> [DATA SUPPLIED]:
═══
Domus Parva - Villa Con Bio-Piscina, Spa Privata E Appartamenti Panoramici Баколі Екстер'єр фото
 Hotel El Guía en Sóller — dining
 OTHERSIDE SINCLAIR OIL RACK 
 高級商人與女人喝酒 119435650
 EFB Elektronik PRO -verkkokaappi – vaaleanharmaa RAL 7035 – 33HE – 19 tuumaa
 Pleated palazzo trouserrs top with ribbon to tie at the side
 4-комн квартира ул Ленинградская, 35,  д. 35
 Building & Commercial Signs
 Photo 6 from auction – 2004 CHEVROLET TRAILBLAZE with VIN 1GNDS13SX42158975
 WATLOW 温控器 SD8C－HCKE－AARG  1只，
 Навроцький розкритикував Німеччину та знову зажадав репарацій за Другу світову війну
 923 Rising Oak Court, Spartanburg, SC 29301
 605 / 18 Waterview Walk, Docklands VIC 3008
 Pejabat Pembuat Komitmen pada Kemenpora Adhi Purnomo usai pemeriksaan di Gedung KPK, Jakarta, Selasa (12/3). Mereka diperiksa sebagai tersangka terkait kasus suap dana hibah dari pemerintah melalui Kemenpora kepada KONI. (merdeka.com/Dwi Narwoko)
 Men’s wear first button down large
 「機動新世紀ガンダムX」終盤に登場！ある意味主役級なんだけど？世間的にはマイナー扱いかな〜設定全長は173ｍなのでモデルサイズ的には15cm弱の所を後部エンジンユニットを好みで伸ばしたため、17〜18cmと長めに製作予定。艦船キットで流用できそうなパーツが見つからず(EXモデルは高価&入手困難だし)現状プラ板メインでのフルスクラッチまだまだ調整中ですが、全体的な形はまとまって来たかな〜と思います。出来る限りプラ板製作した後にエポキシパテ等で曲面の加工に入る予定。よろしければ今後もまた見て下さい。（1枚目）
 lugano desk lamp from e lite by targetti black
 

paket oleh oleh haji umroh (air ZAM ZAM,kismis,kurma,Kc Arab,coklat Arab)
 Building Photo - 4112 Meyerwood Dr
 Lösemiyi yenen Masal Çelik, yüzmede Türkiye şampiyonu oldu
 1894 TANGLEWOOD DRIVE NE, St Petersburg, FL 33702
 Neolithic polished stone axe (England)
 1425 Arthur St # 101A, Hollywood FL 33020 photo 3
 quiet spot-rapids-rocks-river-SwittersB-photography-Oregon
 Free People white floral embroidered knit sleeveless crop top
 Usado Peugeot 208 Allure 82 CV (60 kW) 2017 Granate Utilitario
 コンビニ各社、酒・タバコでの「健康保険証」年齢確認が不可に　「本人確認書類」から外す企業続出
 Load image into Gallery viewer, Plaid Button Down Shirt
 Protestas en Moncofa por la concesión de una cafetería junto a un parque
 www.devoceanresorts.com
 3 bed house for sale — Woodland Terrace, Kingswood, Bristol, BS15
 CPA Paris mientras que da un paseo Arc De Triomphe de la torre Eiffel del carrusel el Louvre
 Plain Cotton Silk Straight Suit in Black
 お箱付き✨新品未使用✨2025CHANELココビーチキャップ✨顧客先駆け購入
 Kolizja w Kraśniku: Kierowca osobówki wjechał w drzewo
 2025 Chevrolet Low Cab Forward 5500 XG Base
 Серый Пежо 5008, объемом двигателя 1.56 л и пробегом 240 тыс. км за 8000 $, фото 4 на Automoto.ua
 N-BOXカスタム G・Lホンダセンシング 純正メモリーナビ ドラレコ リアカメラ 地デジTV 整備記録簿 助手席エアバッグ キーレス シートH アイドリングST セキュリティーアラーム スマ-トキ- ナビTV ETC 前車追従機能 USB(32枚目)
═══
> [PROBLEM DETAILS]: Include the first line, the line containing "4-комн квартира ул", and every line between them, copied exactly from the material above; output no other line.

> [RESPONSE AREA]:
Domus Parva - Villa Con Bio-Piscina, Spa Privata E Appartamenti Panoramici Баколі Екстер'єр фото
 Hotel El Guía en Sóller — dining
 OTHERSIDE SINCLAIR OIL RACK 
 高級商人與女人喝酒 119435650
 EFB Elektronik PRO -verkkokaappi – vaaleanharmaa RAL 7035 – 33HE – 19 tuumaa
 Pleated palazzo trouserrs top with ribbon to tie at the side
 4-комн квартира ул Ленинградская, 35,  д. 35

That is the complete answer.